The Exuma Cays Land and Sea Park

semi-overcast 83 °F

We called the park on Saturday and asked to be put on the waiting list for a mooring ball; the park does not accept reservations. Carol called at 0915 on Sunday to see where we were on the list and they told us to "come on down." So, we did, leaving at about 0930 with a flotilla of other boats that, we guessed, were also going to the park. Actually, none of them were. Boats are like herding cats: if they go the same direction it's an accident and doesn't last very long. (We were subsequently told that getting a mooring ball this quickly never happens. Things are slow in the Bahamas now)

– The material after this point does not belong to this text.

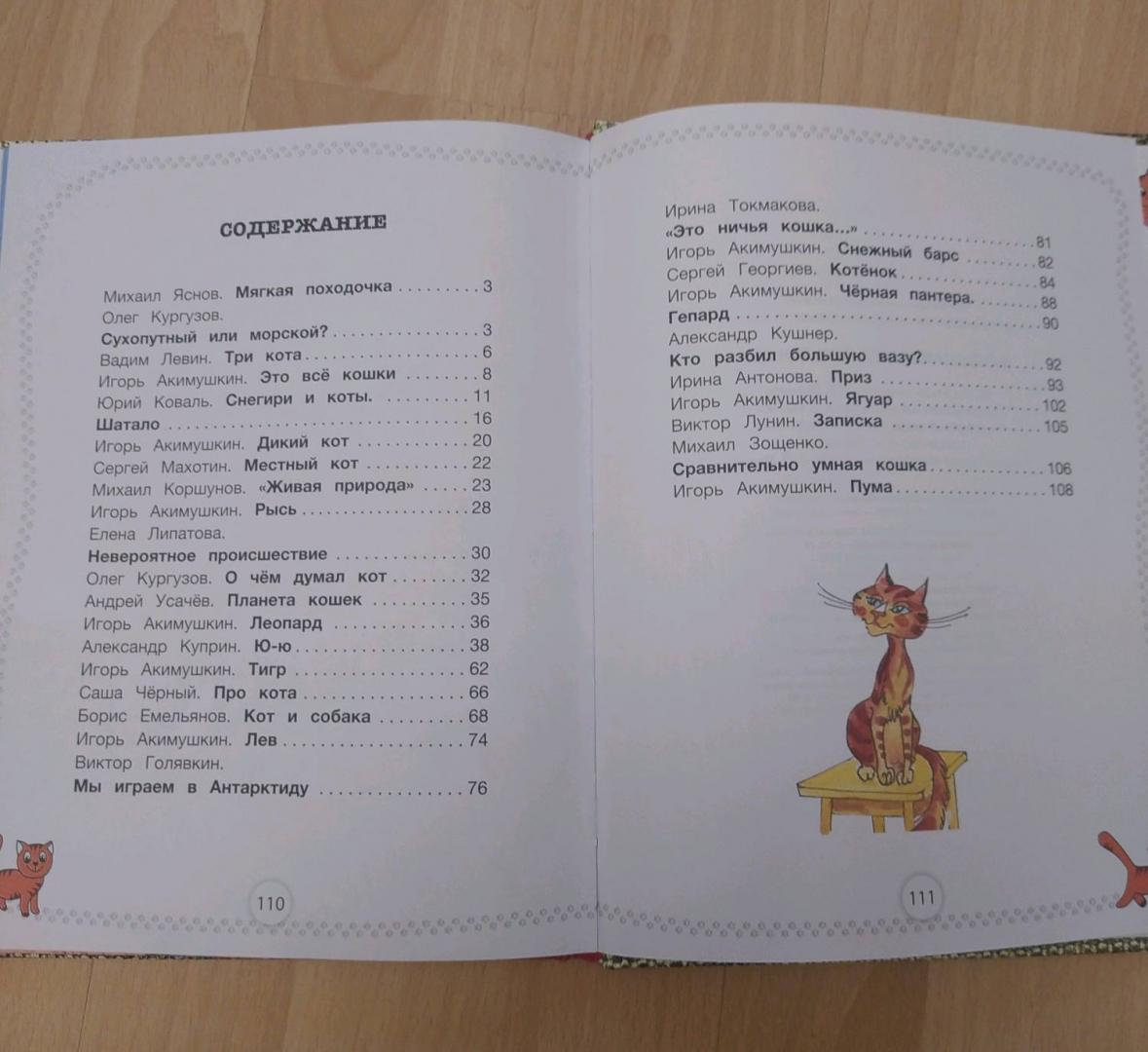 Иллюстрация 28 из 30 для Большая книга про кошек - Зощенко, Яснов, Токмакова | Лабиринт - книги. Источник: Потокова  Елена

The trip was about 30 nm and took less than six hours but there were a lot of way points to get here. The front portion of the Explorer Chart books have a page with lots of pictures on how to read the water. I never gave this much concern and told Carol, the self professed color queen, to learn the techniques. It didn't take either of us very long to notice that when the sun went behind a cloud reading the water got harder and we really missed the color clarity.

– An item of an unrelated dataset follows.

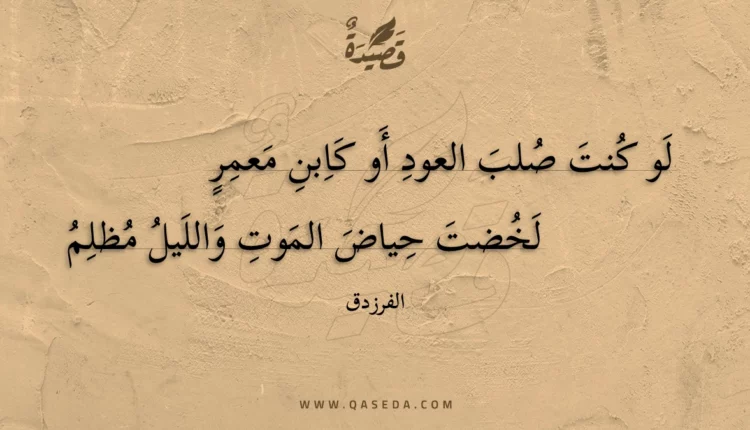 قصيدة لو كنت صلب العود أو كابن معمر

The color issue could not have been more clear than Sunday, when we entered the park. The channel is very narrow but fairly deep; the channel was turquoise surrounded by almost white sand bars. We, actually me, had to turn the boat around to put the bow into the current to approach the mooring ball. Once again I thanked Joe V. for teaching me the trick for turning a sailboat around in very confined spaces. It has saved my bacon on several occasions including this one.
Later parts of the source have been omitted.